Making the best of Christmas without family
Natalie Carney in Munich


Billie Foos and her two young sons decorate the small Christmas tree they have standing in the living room.

Annually, the family of three from Munich spend the holiday season with grandparents and cousins, cooking, singing, playing, but this year, those same grandparents told everyone not to come.

"Usually we're celebrating at my parents' in a big group with uncles, aunts, in-laws and father of the kids," said the child physiologist. "We would have been 10 people this year. And we always had a clear procedure since I can remember, every year Christmas is the same."



Lockdown restrictions mean only four people from different households can gather under one roof between December 24 and 26 while those without family ties can only meet with a maximum of four people from one other household.

In a country known for its Christmas celebrations, this year's muted festivities are noticeable.
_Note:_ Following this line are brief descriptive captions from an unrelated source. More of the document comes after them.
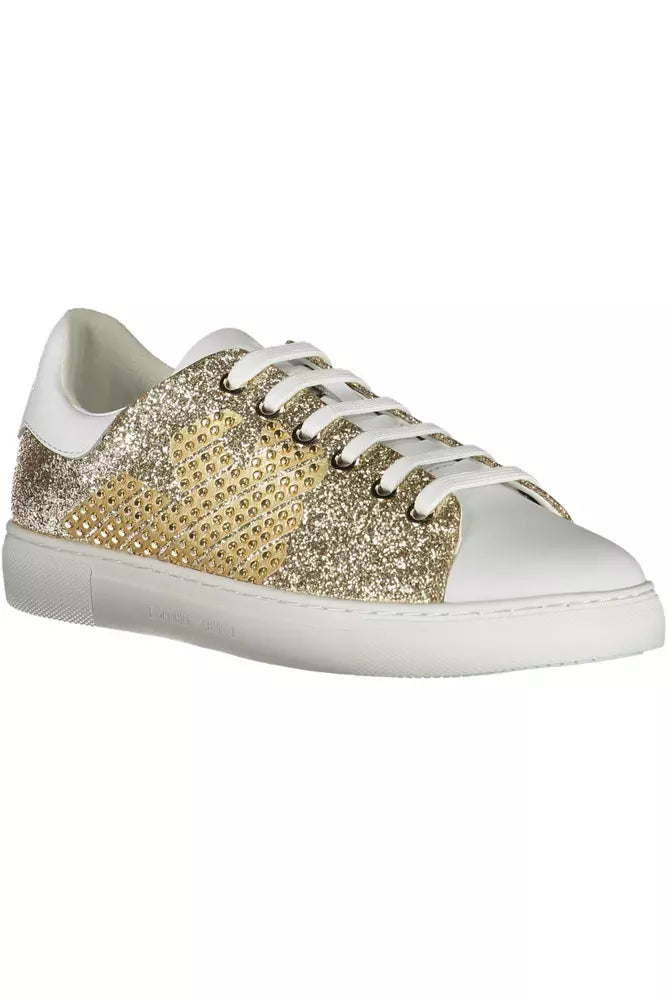 Emporio Armani Gold Polyester Women Sneaker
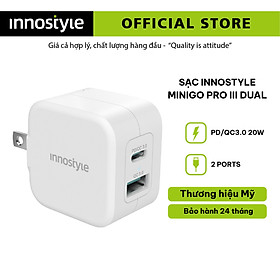 SẠC NHANH INNOSTYLE MINIGO PRO III DUAL PD/QC3.0 20W WHITE IC20-2PDWHI - HÀNG CHÍNH HÃNG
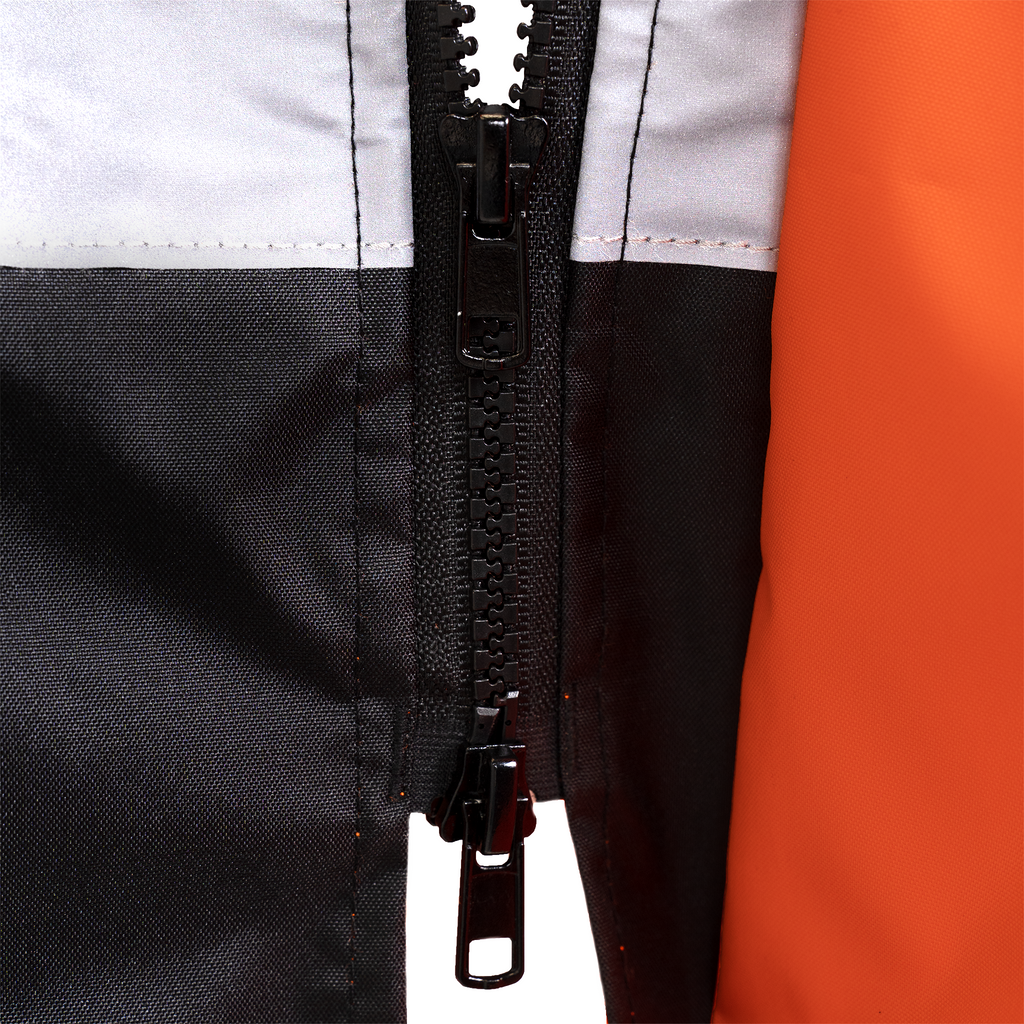 Hi-Vis Yellow/Black Rain Jacket with 2" Reflective Strips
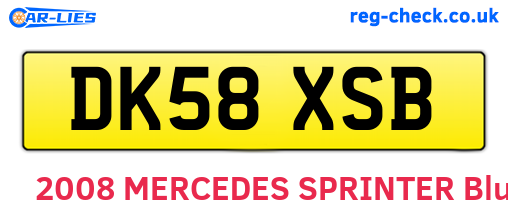 DK58XSB are the vehicle registration plates.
Christmas markets have been canceled, shops have been closed and drinking any form of alcohol in public, including the traditional mulled wine, is prohibited. Nigh-time curfews are also in place in areas where infection rates are particularly high.


Understanding the restrictions

While some may find the restrictions difficult, the Foos family understands why these restrictions are needed.

"Yesterday I learned that my best friend got infected with COVID-19," Billie tells CGTN. "The thought of infecting the own parents or grandparents at Christmas Eve is such a horror. It's irrational! 

"What kind of family story would that be if someone got infected at Christmas Eve and got really sick or even died? So it's okay and it will still be a nice evening as it is."

Earlier this month, chancellor Angela Merkel made an emotional plea for Germans to avoid a last Christmas with the grandma and grandpa, saying "If we have too much contact over Christmas and afterward it turns out that that was the last Christmas with the grandparents, then we will have really messed up and we should not mess up!"


Billie Foos and her son Phillip are making the best of a Christmas without much of their family. /CGTN

Billie Foos and her son Phillip are making the best of a Christmas without much of their family. /CGTN


Making the best of it

Despite being only eight years old, Billie's son Phillip knows why the festivities will be different this year without his extended family. "I've never been anywhere else for Christmas. This is my first Christmas at home. I'm sad, of course, but we're making the best of it."

The family plans on continuing the extended family's annual traditions, says Billie. "We're trying as much as possible to keep the Christmas traditions from Grandma and Grandpa. 

"Everyone goes into another room, eating cookies and drinking sparkling wine until the bell is rung. Then there's candlelight in the Christmas room, the presents are there, and then someone gives a speech. Usually it's my father, but this year I probably have to do it."

According to Germany's center for disease control, 32,195 new cases of the virus have been detected across the country in the past 24 hours with 802 deaths.

While it may be difficult for many, there is an understanding that public health and safety make the smartest Christmas present.

Regular lockdown restrictions will apply from December 26, whereby only four people from two different households can meet. These restrictions are set to end on January 10.